Records provided ::

- - -

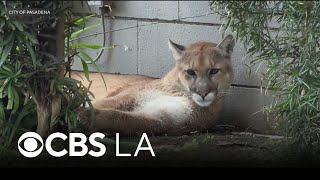 Famous Mountain lion tranquilized in busy Old Town Pasadena Net Worth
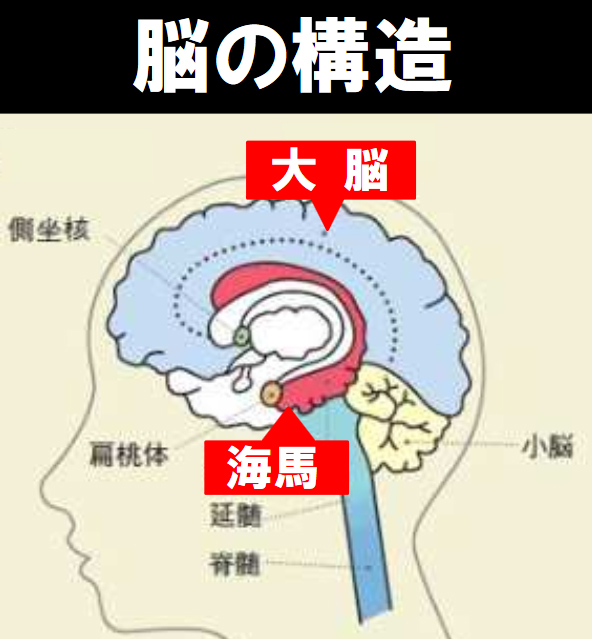 脳の図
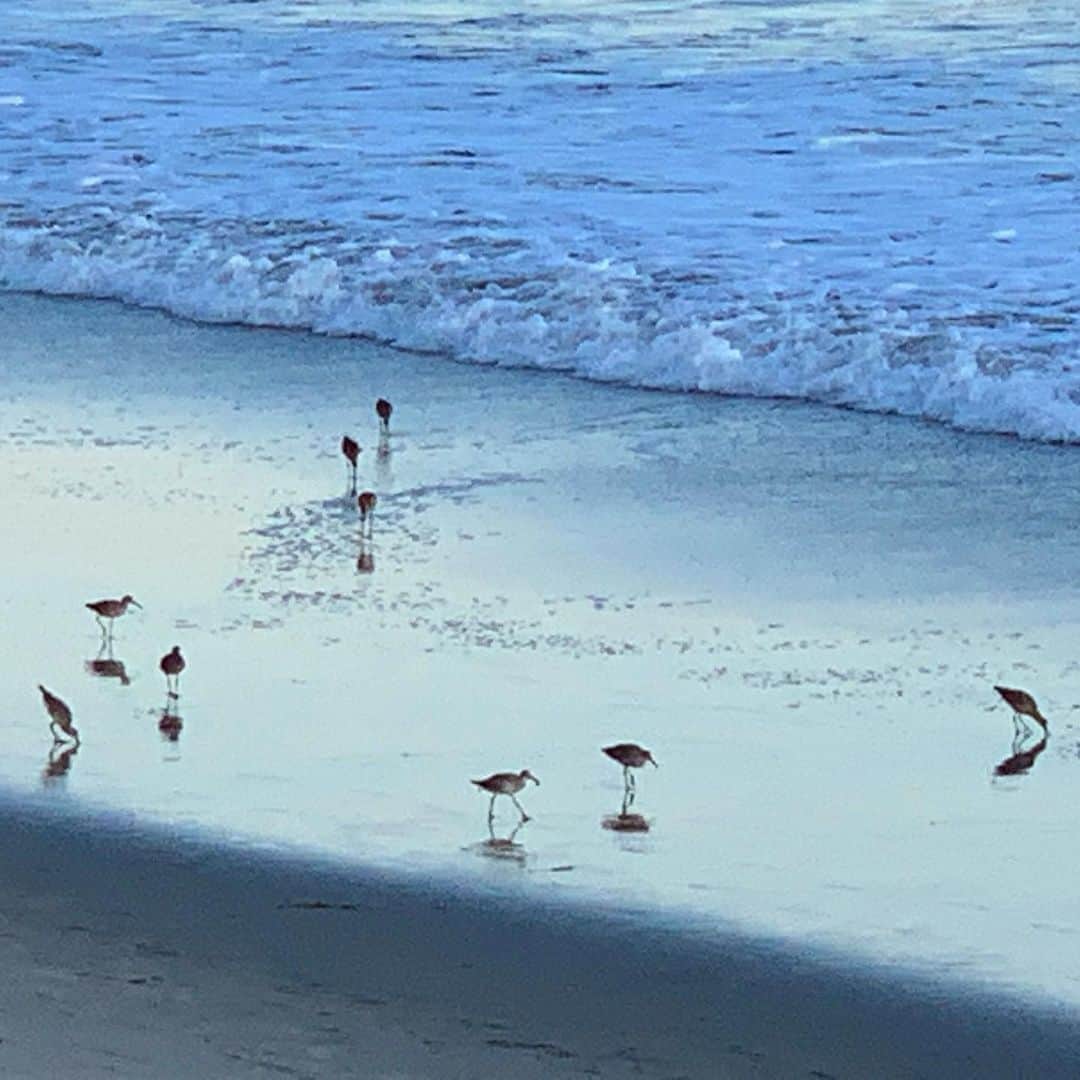 クリスティ・ブリンクリーさんのインスタグラム写真 - (クリスティ・ブリンクリーInstagram)「It was a Beautiful Day for a Drive to visit our friends at the beach! ❤️ #mastang #malibu  #hometown @jackbrinkleycook」9月19日 15時54分 - christiebrinkley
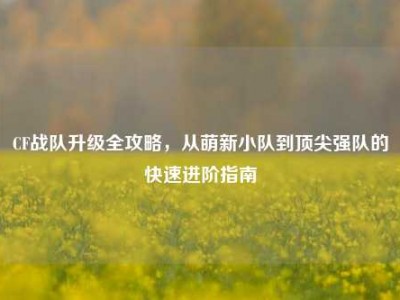 CF战队升级全攻略，从萌新小队到顶尖强队的快速进阶指南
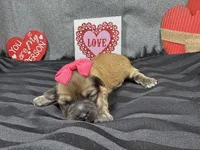 processed/0c404b3d-5619-4e88-8a87-1c29180c8378/listing/fea62252-c023-4422-a502-514e2a152d0a/31bfe927-7524-4797-b0e5-cd9cc6a164d6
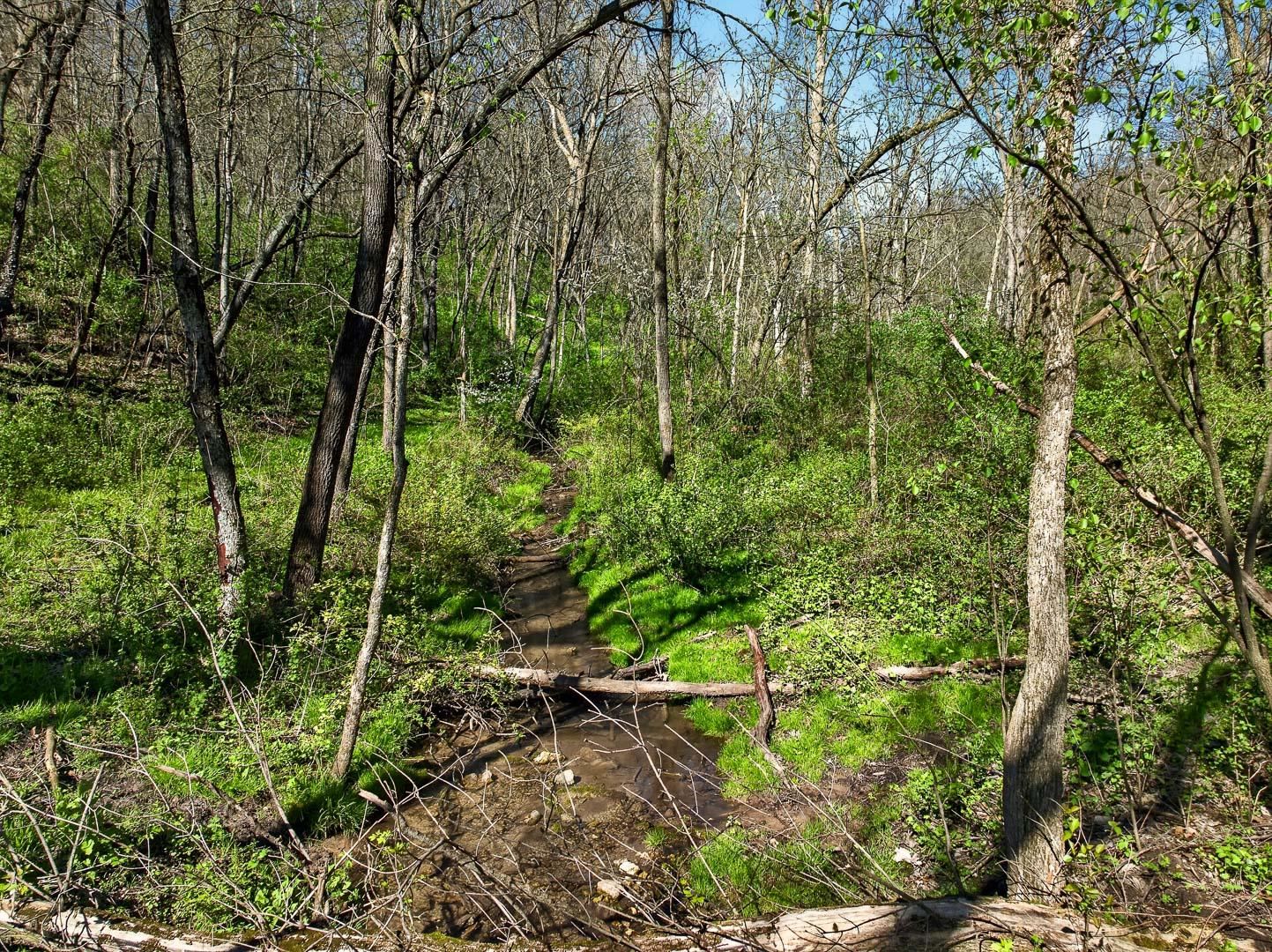 5765 Mill Road Dodgeville, WI 53533 - Photo 64 of 67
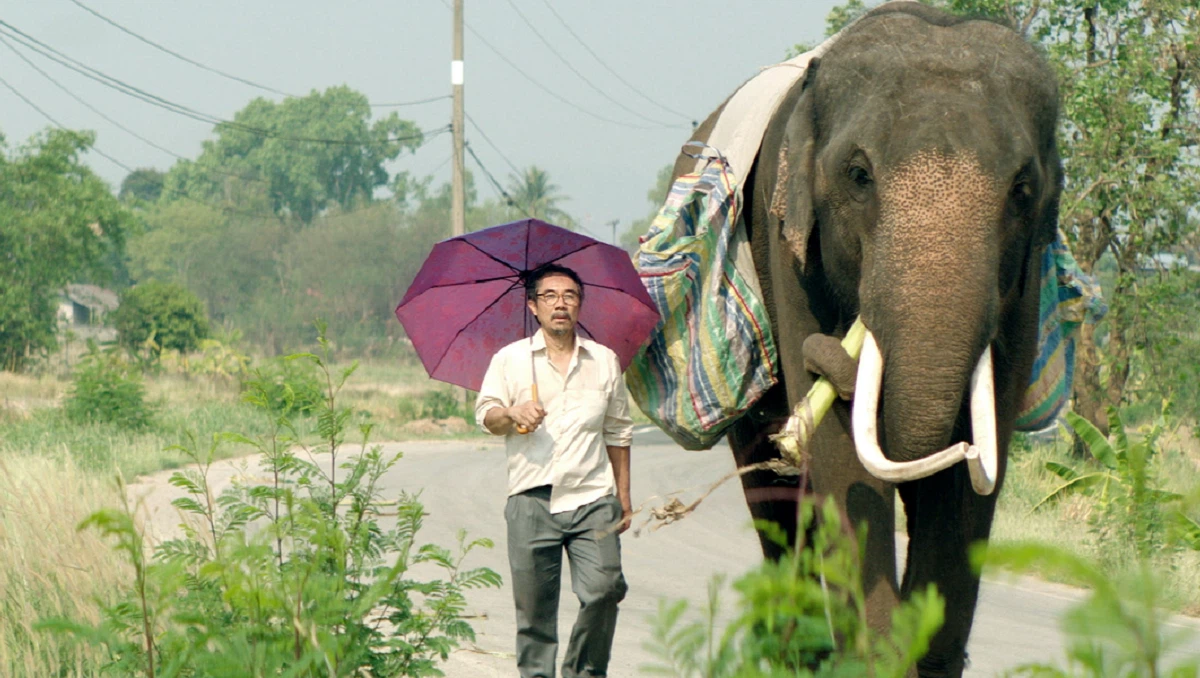 A scene from the film 'Pop Aye' showing an elderly man and an elephant walking together on a rural road in Thailand.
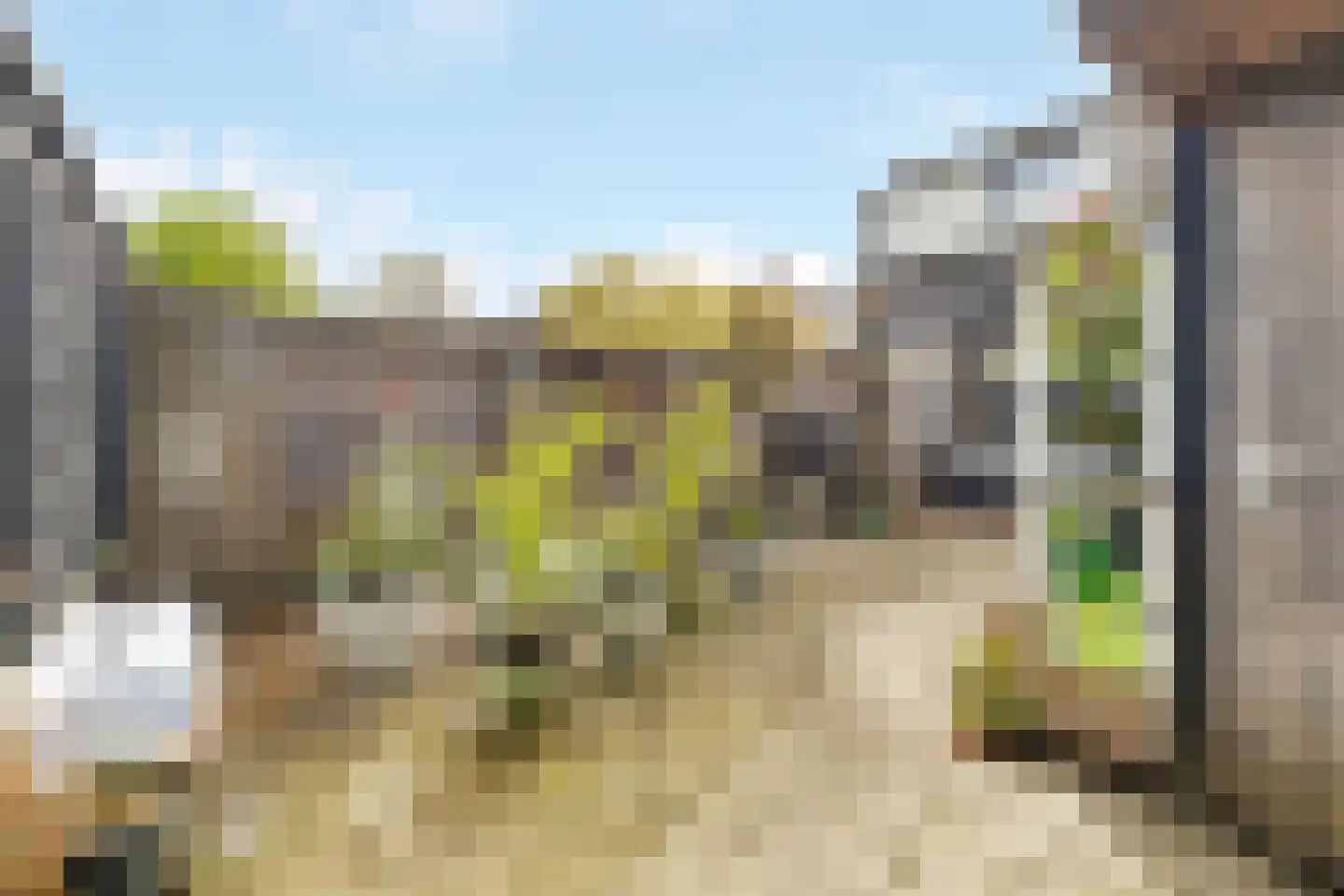 Willem de Zwijgerlaan 7 Maartensdijk thumbnail 25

- - -

Work to be completed :: Since only the text is needed, retype the data above exactly and omit the pictures.

Answer box ::
 Famous Mountain lion tranquilized in busy Old Town Pasadena Net Worth
 脳の図
 クリスティ・ブリンクリーさんのインスタグラム写真 - (クリスティ・ブリンクリーInstagram)「It was a Beautiful Day for a Drive to visit our friends at the beach! ❤️ #mastang #malibu  #hometown @jackbrinkleycook」9月19日 15時54分 - christiebrinkley
 CF战队升级全攻略，从萌新小队到顶尖强队的快速进阶指南
 processed/0c404b3d-5619-4e88-8a87-1c29180c8378/listing/fea62252-c023-4422-a502-514e2a152d0a/31bfe927-7524-4797-b0e5-cd9cc6a164d6
 5765 Mill Road Dodgeville, WI 53533 - Photo 64 of 67
 A scene from the film 'Pop Aye' showing an elderly man and an elephant walking together on a rural road in Thailand.
 Willem de Zwijgerlaan 7 Maartensdijk thumbnail 25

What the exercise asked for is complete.